# St Barts Forums > Meetings in SBH (and elsewhere) >  >  Friends of Bill W

## RickyG

Outstanding meetings are currently being held every Tuesday and Friday evenings 6:00pm to 7:00pm.   There are also some impromptu morning meetings held on the beach, based on group consensus.

The meetings are held in the little building next to the church.  If you are facing the church front doors, it is to the left.

Contact info:

http://aa-stbarts.blogspot.com/

----------


## JEK

Another amazing ethereal shot.
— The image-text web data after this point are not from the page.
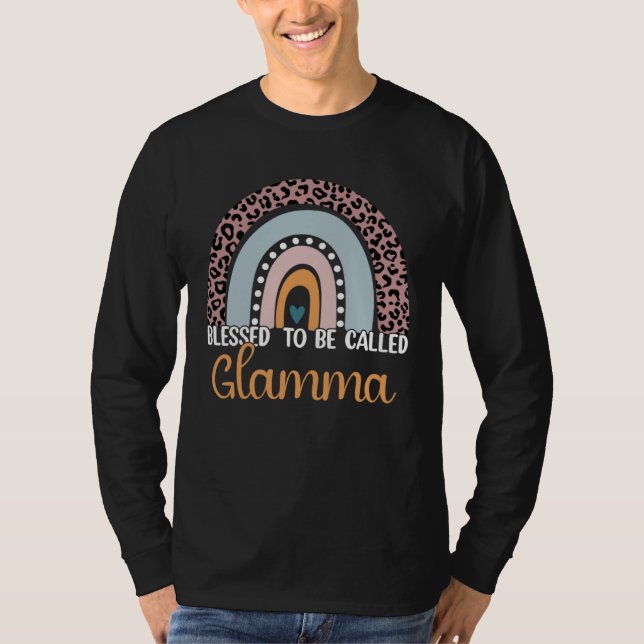T-shirt Blessed To Be Called Glamma Rainbow Leopard Cute M (Devant)
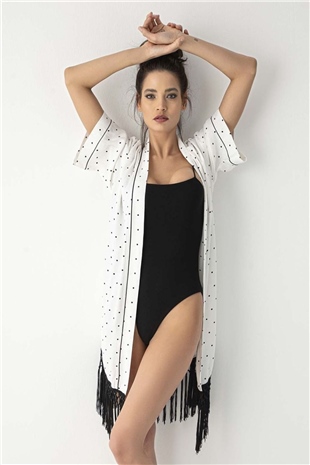 Monamise 19128 Kadın Beyaz Tek Kimono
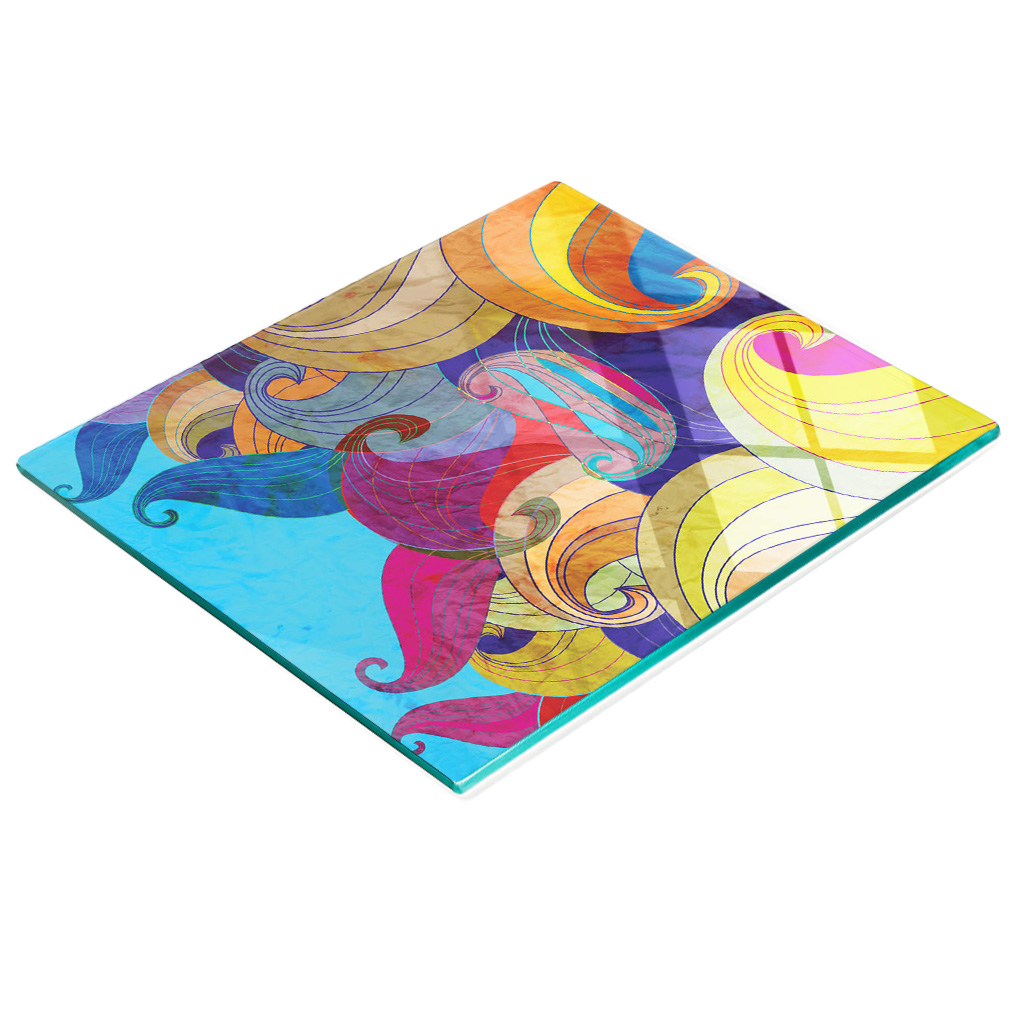 Stilvolle Und Robuste Glasplatte Mit Abstraktem Muster, 60 X 52 Cm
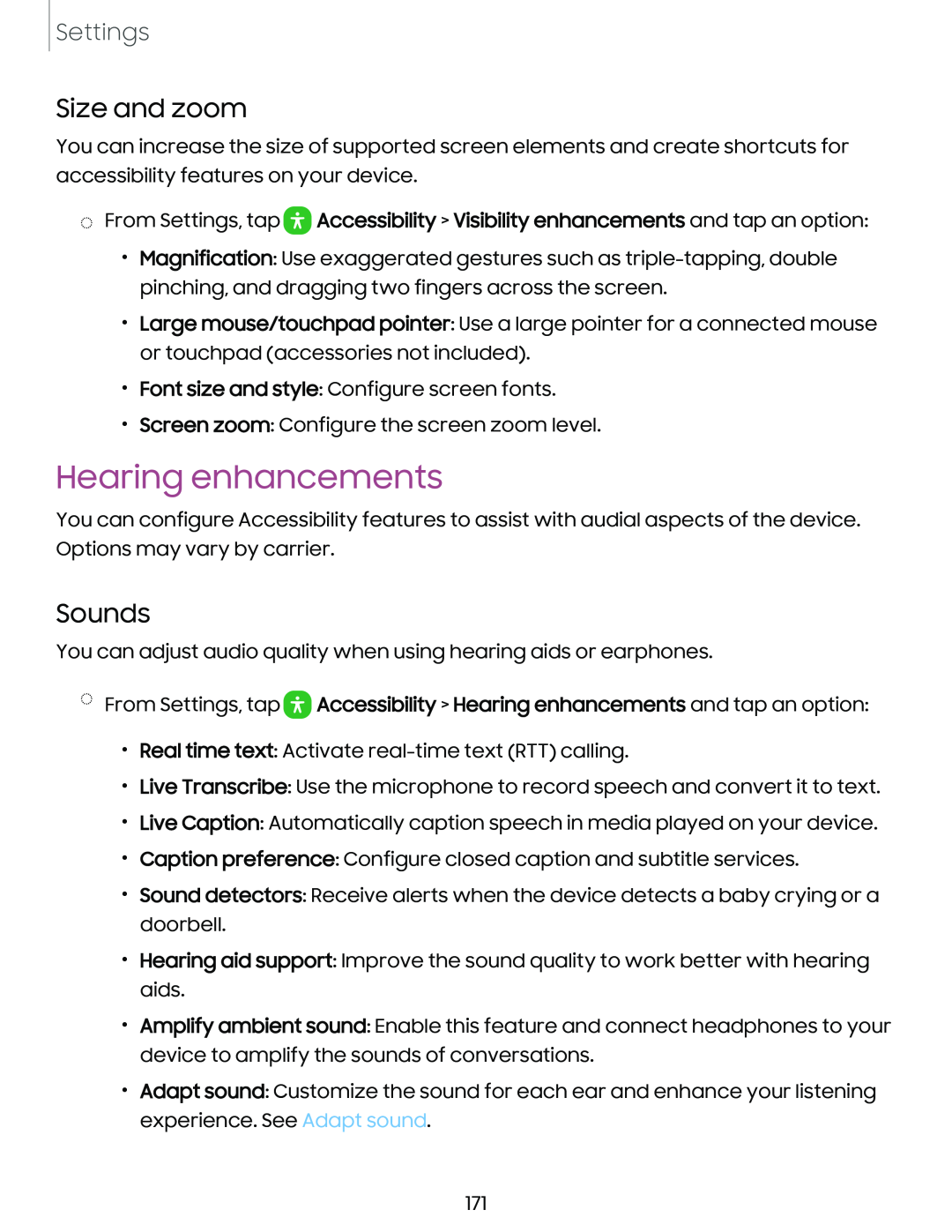 Hearing enhancements Galaxy Note10 Unlocked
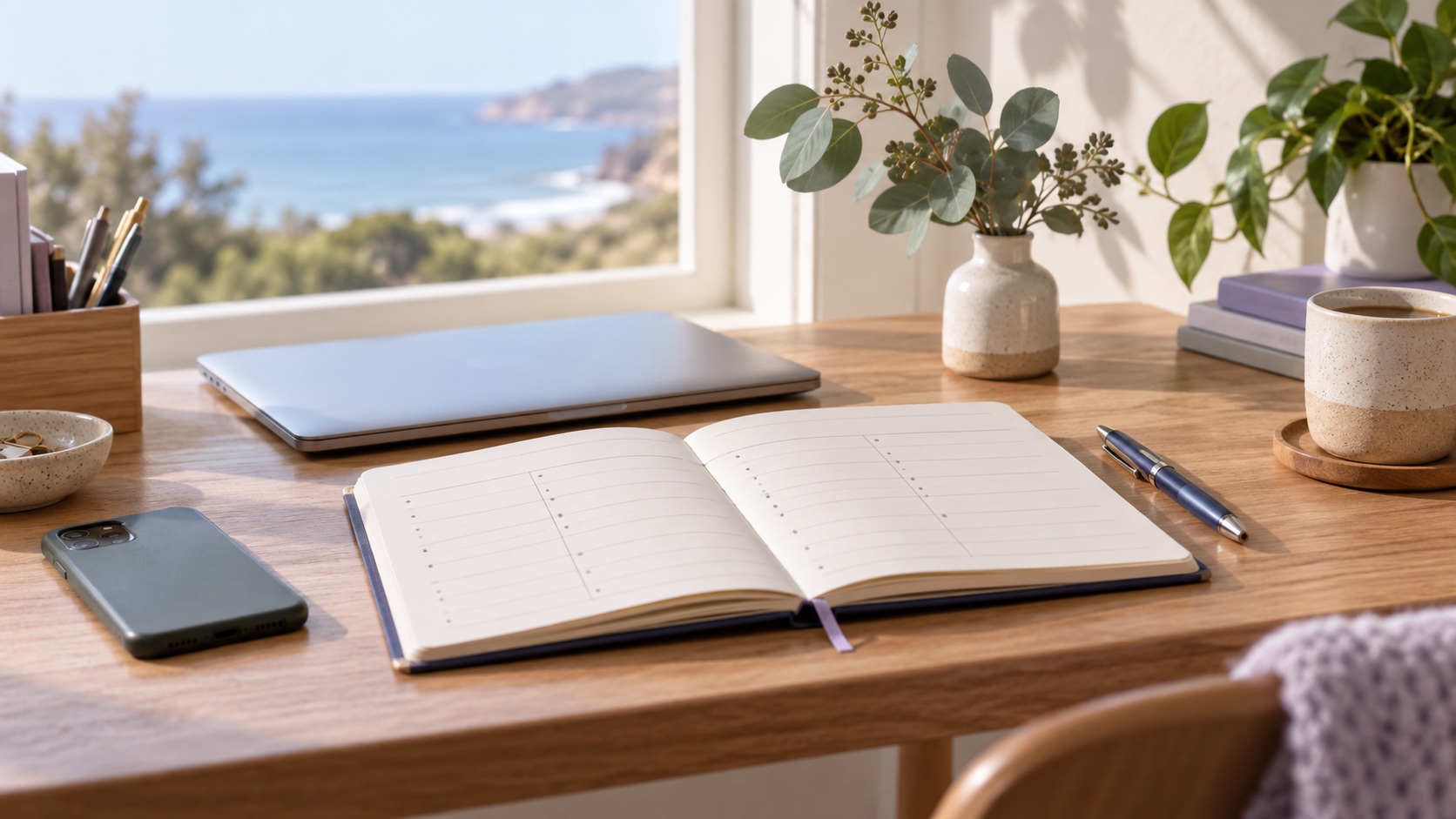 A notebook arranged as a workplace incident timeline on a quiet desk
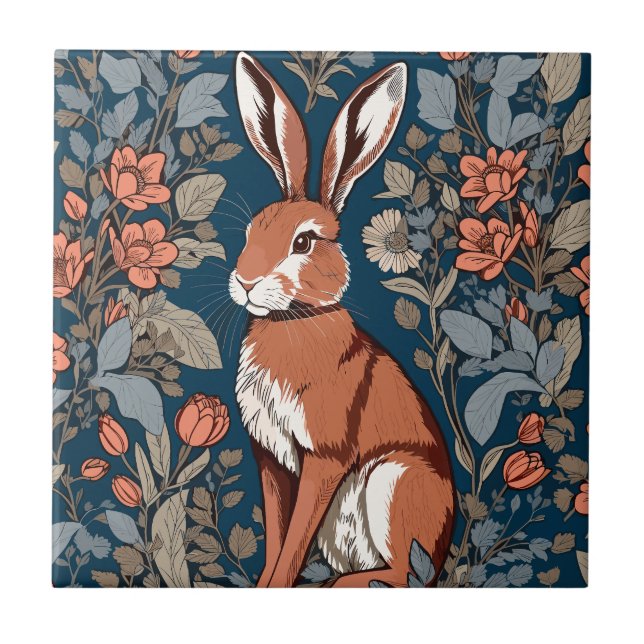 Sitting Hare William Morris Inspired Floral Tile (Front)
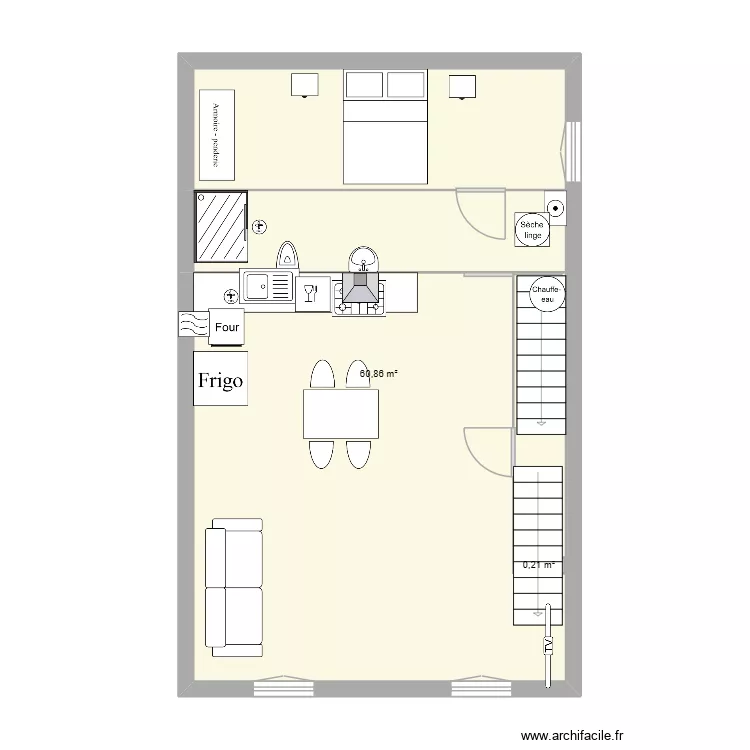 appart1. Plan de 2  et 61 m²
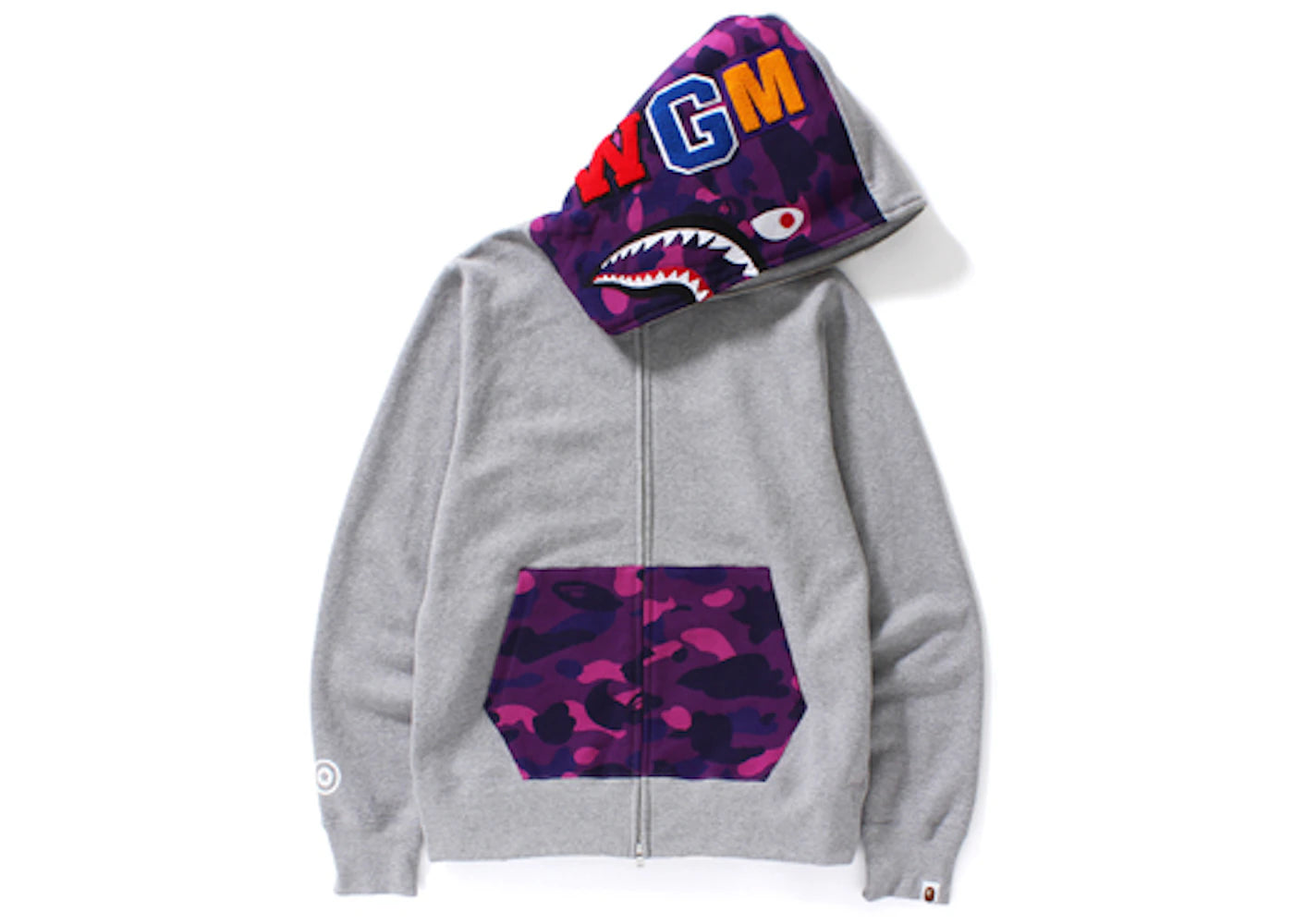 BAPE Color Camo Shark Full Zip Hoodie Gray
Thanks for the info on the meetings and congratulations.

----------


## Bart -my real name-

Wow!  Is that the sun or the moon?

----------


## RickyG

> Wow!  Is that the sun or the moon?



The Zun..... Tuesday 8:42 am

----------


## Bart -my real name-

Noice!

----------


## BND

Lovely!  Thanks for the magic!

----------


## tim

The power of The Lord!

----------


## GramChop

> The power of The Lord!



Indeed!

----------


## NYCFred

Are they conducted in French or English?

Great shot, BTW...

----------


## RickyG

The meetings are small and conducted in english.  French speaking members have been encouraged to participate, but my understanding is that there is not much interest from the local residents?  This group greatly appreciates vacationing visitor participation.  At some points of the year, attendance can drop to just the group leader who remains available for those seeking fellowship.

----------


## Dr T

Thank you for posting this, Rick. Yes, AA meets twice weekly at the church in Gustavia Tuesday and Friday nights 6pm-7pm. We also meet every morning at 7.30am at various locations. Phone +590.690.65.61.22 for details. http://aa-stbarts.blogspot.fr/

----------


## JEK

Dr. T -- thanks for sharing. Posted the link in the Timeless Tips section of the Forum.

----------